Кто же это, называющий Пушкина гением и одновременно так высокомерно его поучающий и порицающий?
Это Чаадаев.
Да, да, тот самый Петр Яковлевич Чаадаев, которого именно адресованные ему пушкинские стихи сделали известным, и в первую очередь, конечно же, знаменитое:
Есть люди, которым Господь еще в детстве дает цепкий, острый ум, сильный и смелый характер, приятную внешность и манеры, легкую речь. Все вокруг всегда восхищаются такими подростками, пророчат им блестящее будущее, а если они еще и усидчивы и трудолюбивы, и набираются и набираются знаний, и наделены еще, скажем, талантами писать или рисовать, или сильны в математике или еще в чем-то, все уж непременно видят в них чуть ли не гениев, и они, взрослея, и сами начинают видеть в себе то же самое, и вести себя начинают соответственно, что опять же только поднимает их в глазах окружающих. Чаадаев был из таковых.

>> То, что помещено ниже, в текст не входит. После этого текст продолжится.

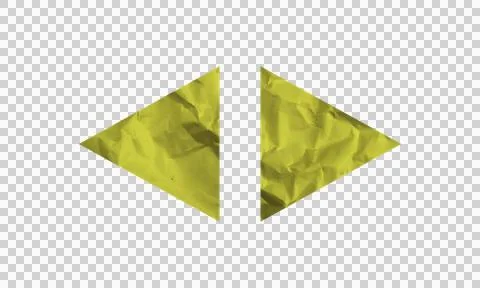 Two yellow crumpled paper triangles forming a play button icon on white bac.. Stock Illustration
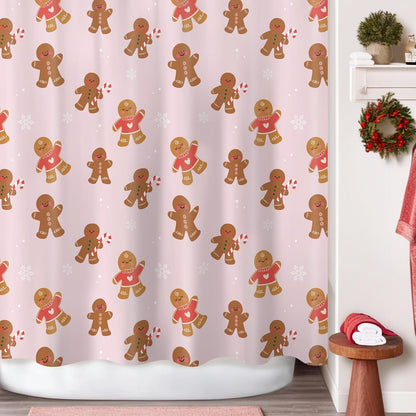 Sunlit Christmas Shower Curtain, Pink Holiday Gingerbread Men with Candy Canes and Snowflakes Cute Xmas Cookie Pattern, Festive Bathroom Fabric Shower Curtain, Home Decor Tapestry, 72" x 72"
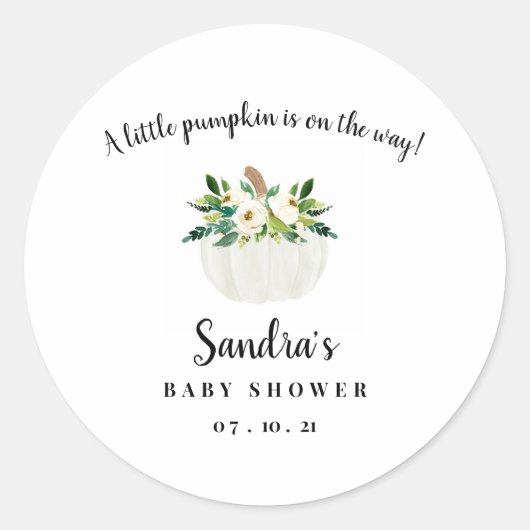 Baby shower van pompoen ronde sticker (Voorkant)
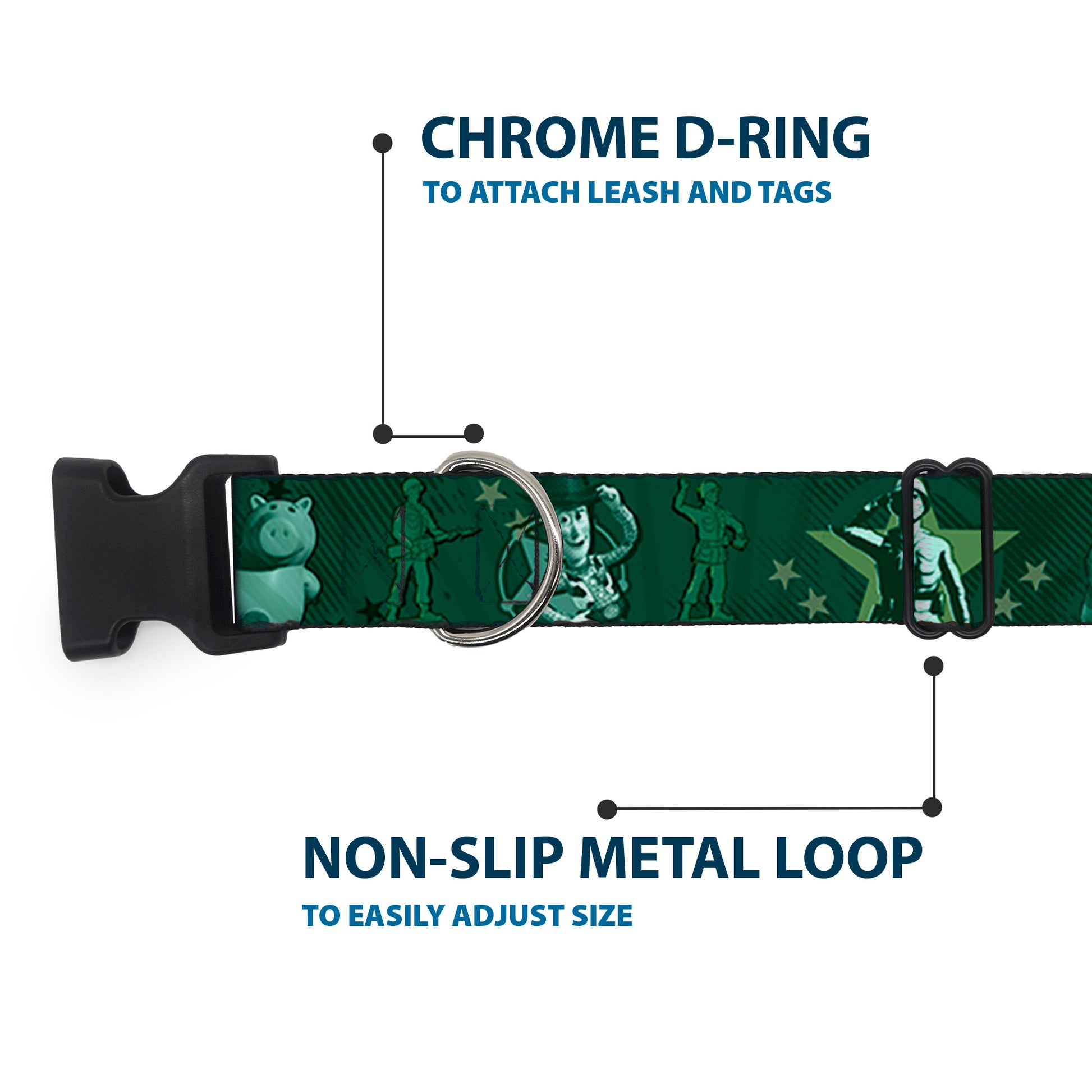 Plastic Clip Collar - Woody & Friends KEEP CALM & REACH FOR THE SKY Blues Plastic Clip Collars Disney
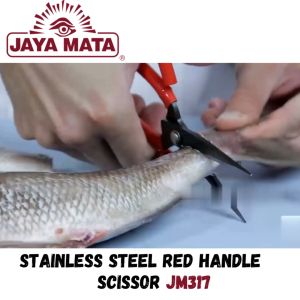 SYK JAYA MATA JM317 7 3/4" Stainless Steel Red Handle Scissor Multipurpose Scissor Gunting Pelbagai Guna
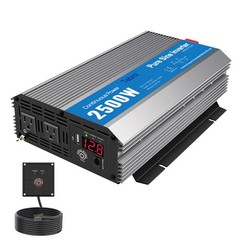2500W/5000W Pure Sine Wave Inverter 12V DC to 120V AC Converter for RV Off-Grid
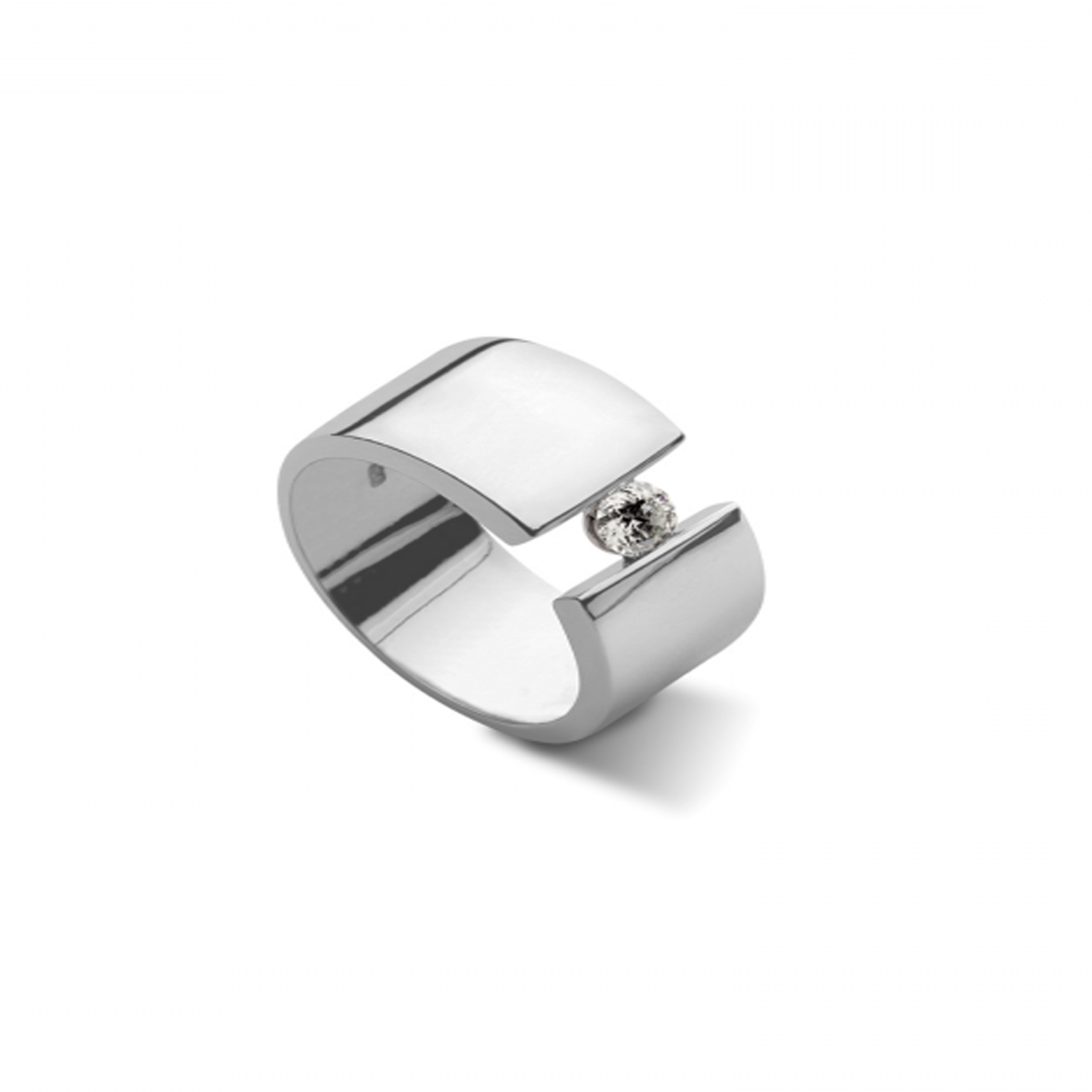 Anillo de Platino 950 Modelo Voler con 01 Diamante Corte Brillante Solitario de 10pts 2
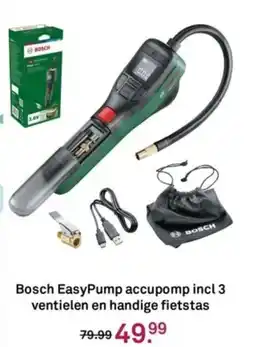 Karwei Bosch EasyPump accupomp incl 3 ventielen en handige fietstas aanbieding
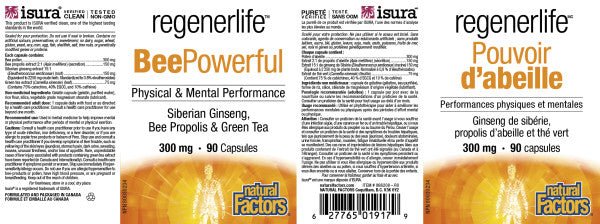 Natural Factors Regenerlife BeePowerful 300mg 90 Capsules - Nutrition Plus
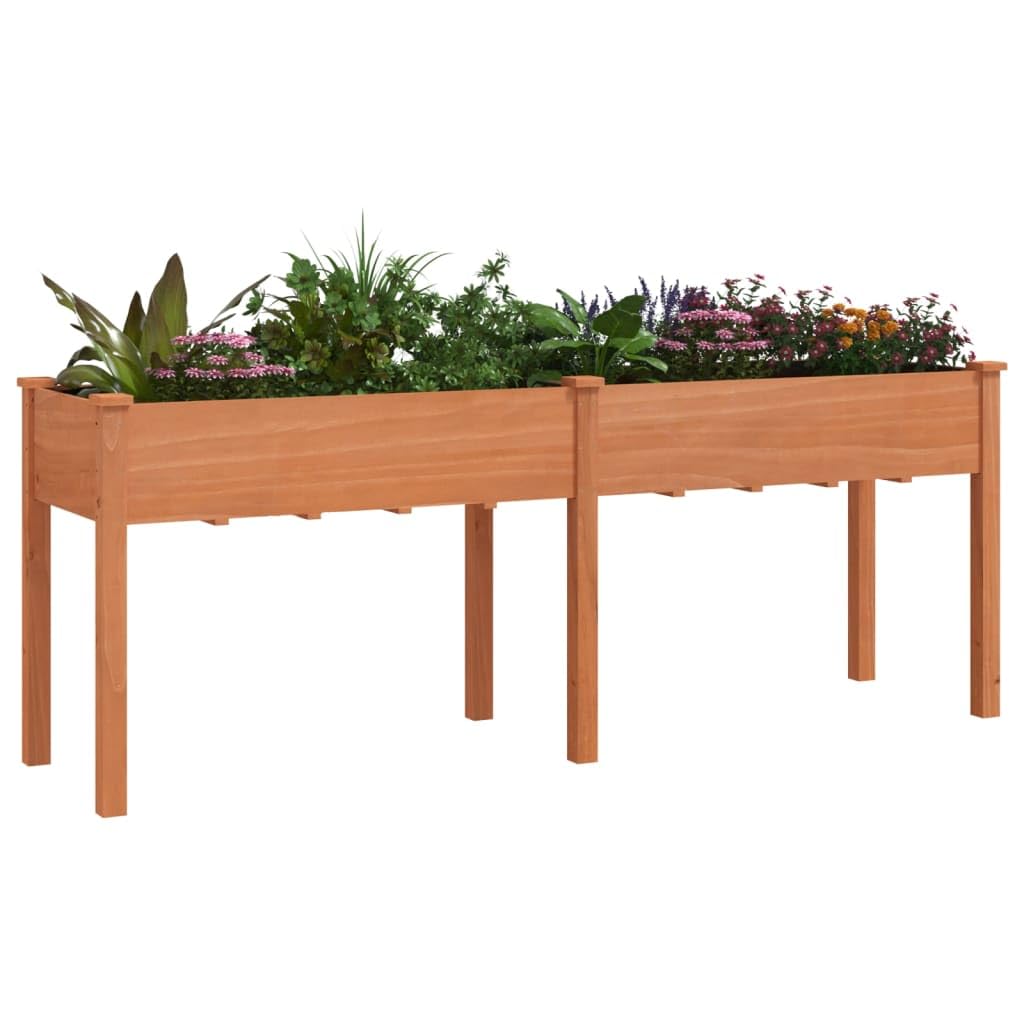 Macetero de madera de 203 a 53 y 76 cm, con inserto de fieltro, madera de abeto maciza, resistente a la intemperie, ahorra espacio, jardinera vertical para terraza, balcón, exterior, color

Еще юношей блистал в великосветских салонах Санкт-Петербурга и Москвы, — род Чаадаевых один из стариннейших, — очаровывая всех философическим складом ума, обширнейшими знаниями, яркой речью и изящной обходительностью. Среди молодежи у него, конечно же, было полно друзей, в том числе и совсем юный Пушкин — Чаадаев на пять лет старше его. И никто в свете уже не сомневался, что этот красивый и обожаемый друзьями молодой человек — будущее светило. В чем именно, никто, видимо, не задумывался, но в том, что непременно светило, — были убеждены. Он же тем временем служил в лейб-гвардии и очень успешно, стал флигель-адъютантом важнейшей персоны, восемнадцатилетним участвовал в войне с Наполеоном, был приближен ко двору, много и подолгу ездил по Европе по разным странам. Сближался с декабристами, но так и не сблизился, и в конце концов, в силу целого ряда неблагоприятностей, вынужден был оставить службу, практически не сделав никакой карьеры и даже не получив достойного отставного чина, и к тридцати шести годам от роду не опубликовал еще ни единой строчки, ни единого перла своего богатейшего философического ума. А ведь честолюбием такие люди обладают испепеляющим. Он страшно переменился даже внешне, сделался полным затворником, но работал, очень упорно писал так называемые философические письма.